“Don’t worry, I’m easy,” I lied. I was going through the tumult and joy of organizing some of the technical details of my performance in the coming days to be included in the Dreizig Festival at Agora Collective in Neukölln, to take place 24 November.
The festival was a one-night-only performance consisting of 15 artists of different genres who were invited to present work that represented bold statements about the artistic experience of our generation, hence the title “Dreizig…”. The event doubled as a birthday party for the organizer, performing artist Alex Carrillo.
I submitted my application for this piece fully knowing that I would be under the guise of myself, in a solo performance, completely putting my soul on stage, but then – my biggest fear showed itself: the absence of the stage itself. No stranger to Narcissism, I was compelled by this festival because of the intent of artist Alex Carrillo to have the participants explain “How life changing events commonly experienced in this decade are reflected in their work: having children, getting married, leaving academia, and immigrating…” – and so talking about myself (a common theme in my work) was an opportunity for me to relinquish my obsession with my “Self = Portraits” video work and move on to working with other dancers and artists that I have been collecting over the past year in Berlin.

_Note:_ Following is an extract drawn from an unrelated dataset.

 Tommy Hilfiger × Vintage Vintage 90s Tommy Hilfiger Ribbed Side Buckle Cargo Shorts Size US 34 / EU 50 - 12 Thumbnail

Still, with a map (the traditional form of a GPS, again showing my age), I had a very difficult time finding this Agora Collective place, and when it arrived in eyeshot in full bloom, it looked a lot like Mecca, after driving my bike around aimlessly but with a purpose, and almost at the last moment wanting to give up. I was immediately fascinated with the outside space. Once I was in the courtyard that was full of benches and led to a housing complex behind it, I felt like I was silly to have missed it in the first place as the whole building had a strong presence.
I had most of my talk about technical details with Jessica, another host and organizer of the event who was probably the calmest and most sincere person I have ever met in my life. I loved the gallery space but was eager to see where the performances would take place, so she led me downstairs to another room that doubled as office space (Agora Collective is an artist collective space where workshops and showings happen with a café/restaurant on the entrance level).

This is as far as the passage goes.